The Kenyan foreign minister has told Al Jazeera that al-Qaeda is responsible for the ongoing siege of a mall in Nairobi that has killed at least 62 people.
In an exclusive interview on Monday, Amina Mohamed said al-Shabab was not acting alone and that it was part of an international terrorism campaign.
She told Al Jazeera’s James Bays that about 20 gunmen and women were behind the attack, and that both the victims and perpetrators came from a variety of nationalities.
Al-Shabab and al-Qaeda announced their alliance in in February 2012, and Abu Omar, a Somali-a-based al-Shabab commander, confirmed in an interview with Al Jazeerathat his group is taking orders from al-Qaeda.
“Al-Qaeda are our leaders, they are our mentors, they are our leaders …and we are all engaged in a single conflict against an international Christian crusade and so we are partners in this,” he said.
Meanwhile, a government spokesperson said that all of the hostages had been evacuated from the shopping mall.
At least three al-Shabab fighters have been killed and ten soldiers wounded in the military operation to end the standoff.
“Our special forces are inside the building checking the rooms.

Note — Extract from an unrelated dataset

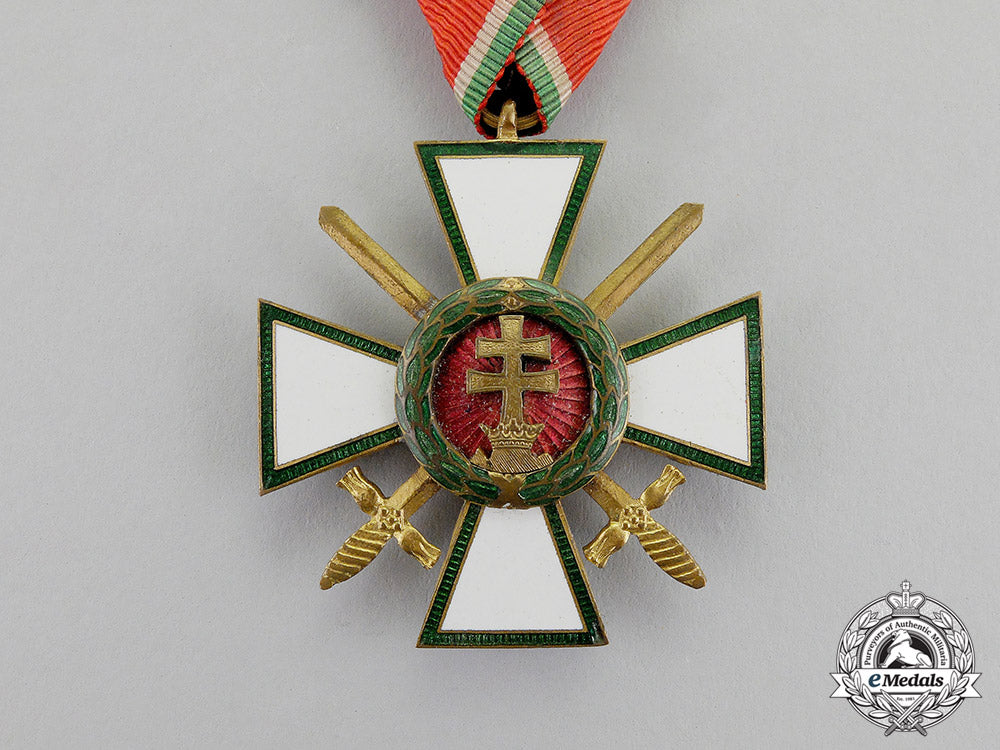 hungary._a_hungarian_order_of_merit;_military_division4_th_class_with_swords_dd_5685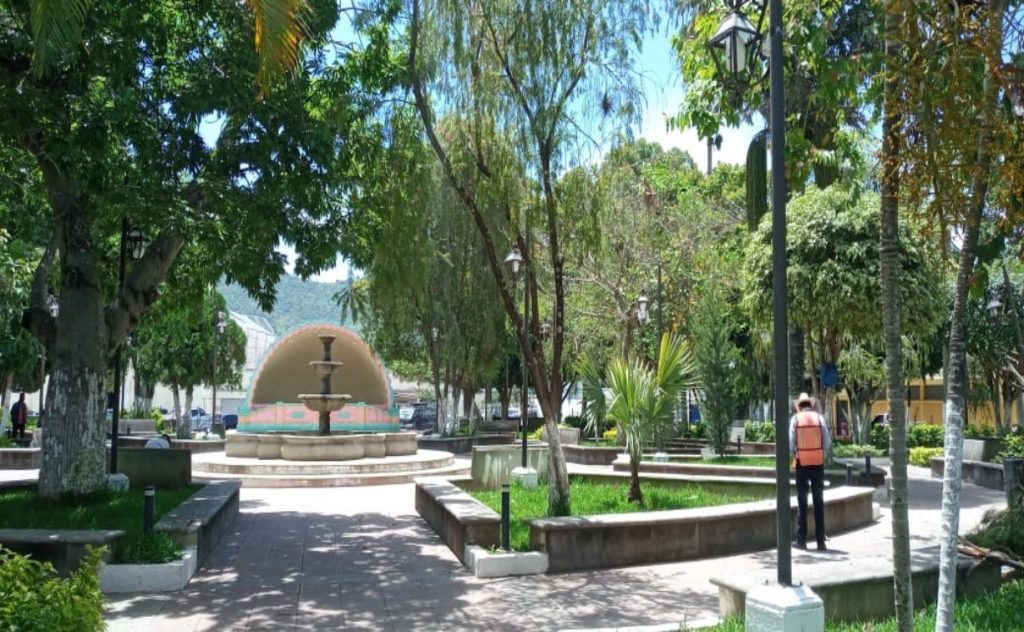 Jalapa es conocida por su clima, paisaje y amabilidad de los residentes. Parque central de Jalapa. – SoyMigrante.com REVISTA Jalapa es conocida por su clima, paisaje y amabilidad de los residentes. Parque central de Jalapa. – SoyMigrante.com REVISTA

Obviously it’s a very, very big building,” said government spokesman Manoah Esipisu.
“We think that everyone, the hostages, have been evacuated, but we don’t want to take any chances,” he said. “The special forces are doing their job and yes, I think we are near the end.”
“The special forces call this sanitising. It’s a very complex and very delicate operation,” he said, but said no resistance was being encountered.
“At the moment they have not met any resistance, but of course we are not ruling out the possibility that there are a couple of them hiding in a remote room or corner,” he told the AFP news agency.
Al Jazeera’s Mohamed Adow reported from Nairobi that security forces had given priority to rescuing as many hostages as possible and that it had pledged to continue its operations in Somalia against al-Shabab.
“Kenya went into Somalia in 2011 saying that al-Shabab had attacked Kenya and that they were not just going to fold their arms and wait,” he said.
“Kenya went into Somalia to protect its own security … and now they will continue what they started in Somalia.”
Al Jazeera’s Peter Greste reported from the vicinity of the mall that at least ten people have been arrested in connection with this crisis.
Foreign Minister Mohamed said governments needed to communicate better and share resources in the same way that armed groups were doing.
“We must stay ahead of the curb in this war on terrorism,” she said. “We’re going to fight them relentlessly with the same amount of resources.”
The United Nations Security Council condemned the attack “in the strongest possible terms,” and reminded Kenya that any response must comply with international human rights law.